**** Records provided ****

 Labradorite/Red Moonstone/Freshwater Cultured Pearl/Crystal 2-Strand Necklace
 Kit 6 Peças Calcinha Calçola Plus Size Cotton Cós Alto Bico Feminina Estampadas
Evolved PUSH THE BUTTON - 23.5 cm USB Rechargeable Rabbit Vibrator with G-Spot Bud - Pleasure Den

****
**** Records provided ****

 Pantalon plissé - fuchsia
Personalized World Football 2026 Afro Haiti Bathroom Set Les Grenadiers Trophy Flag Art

****

Your task is to retype the entries verbatim, starting with the line that holds "Pantalon plissé - fuchsia" and stopping after the line that holds "Personalized World Football".

 Pantalon plissé - fuchsia
Personalized World Football 2026 Afro Haiti Bathroom Set Les Grenadiers Trophy Flag Art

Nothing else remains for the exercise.